Let us begin our explanation of how Newton changed our understanding of the
Universe by enumerating his Three Laws of Motion.
Newton's First Law of Motion:
I. Every
object in a state of uniform motion tends to remain in that state of
motion unless an external force is applied to it. |
This we recognize as essentially Galileo's concept
of inertia, and this is often termed simply the "Law of Inertia".
Newton's Second Law of Motion:
II. The
relationship between an object's mass m,
its acceleration a, and the
applied force F is F =
ma. Acceleration and force are vectors (as indicated by their
symbols being displayed in slant bold font); in this law the direction
of the force vector is the same as the direction of the acceleration
vector. |
This is the most powerful of Newton's three Laws, because it allows
quantitative calculations of dynamics: how do velocities change when forces are
applied. Notice the fundamental difference between Newton's 2nd Law and the
dynamics of Aristotle: according to Newton, a force causes only a change
in velocity (an acceleration);
it does not maintain the velocity as Aristotle held.
This is sometimes summarized by saying that under Newton, F
= ma, but under Aristotle F
= mv, where v is
the velocity. Thus, according to Aristotle there is only a velocity if there is
a force, but according to Newton an object with a certain velocity maintains
that velocity unless a
force acts on it to cause an acceleration (that is, a change in the velocity).
As we have noted earlier in conjunction with the discussion of Galileo,
Aristotle's view seems to be more in accord with common sense, but that is
because of a failure to appreciate the role played by frictional forces.
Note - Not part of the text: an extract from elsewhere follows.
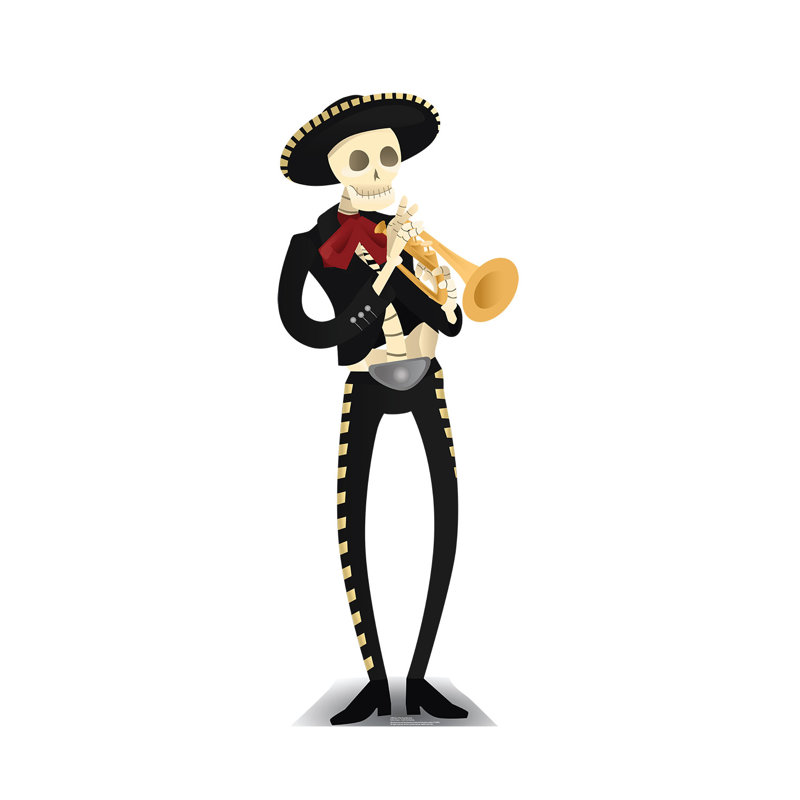 67'' Day of the Dead Mariachi Skeleton Cardboard Standup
Once
account is taken of all forces
acting in a given situation it is the dynamics of Galileo and Newton, not of
Aristotle, that are found to be in accord with the observations.
Newton's Third Law of Motion:
III. For every
action there is an equal and opposite reaction. |
This law is exemplified by what happens if we step off a boat onto the bank
of a lake: as we move in the direction of the shore, the boat tends to move in
the opposite direction (leaving us facedown in the water, if we aren't
careful!).